Show HN: Send the Date – Automate mailing wedding save the dates - thumbtacks
http://app.sendthedate.com
======
thumbtacks
Hi HN! This is a project I've been working on that has just hit the MVP stage
and I'd love your feedback on!

I was actually inspired by a post I found here almost three years ago on
automating wedding invitations via Twilio[1]. A lot of commenters pointed out
that especially for older relatives a physical medium is still best for things
like this and so I wanted to build something that would make it just as easy
as the approach outlined in that post but still send physical mail.

Over time, I cut the scope back from save the dates + invitations + updates to
just the minimum I thought would actually be a useable and helpful solution
and landed on save the dates. The fact that you don't need to RSVP to a save
the date radically simplified the design and cut down the features required,
and since I have a lot of trouble maintaining steam on side projects I thought
it seemed wise to cut down as much scope as I could. Actually getting
something out the door is a big personal accomplishment for me regardless of
how it now performs as an actual business.

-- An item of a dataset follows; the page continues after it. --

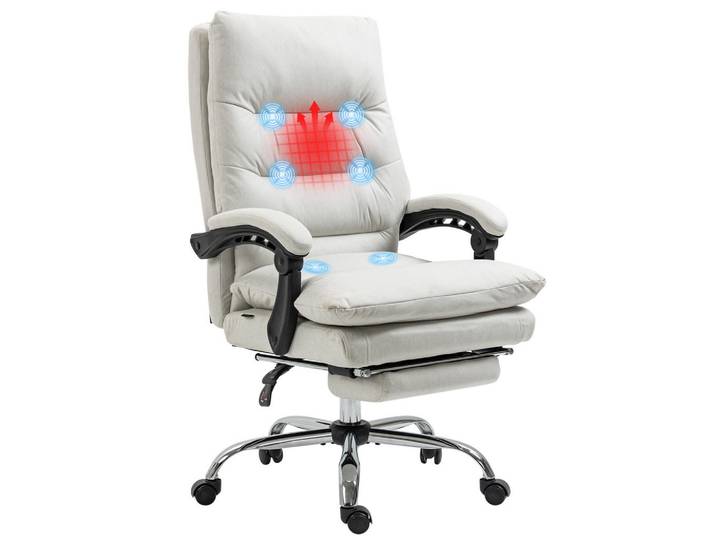 ComfortXL Bürostuhl De-05221 Massage, beheizbar & neigbar Cremeweiß, Metall, 72x117x65 cm, Büromöbel, Bürostühle, Drehstühle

The tech stack I made as boring as I could for operational reasons. Most of
the stack mirrors what I used at work so that I could just focus on building
and not fighting new tooling. The backend is Django deployed on AWS Fargate
and the frontend is just a React app deployed to an S3 bucket with CloudFront.

Any tips or feedback would be greatly appreciated, and if you have a
particular favourite article on marketing a product like this I'm all ears.

1:
[https://news.ycombinator.com/item?id=14101699](https://news.ycombinator.com/item?id=14101699)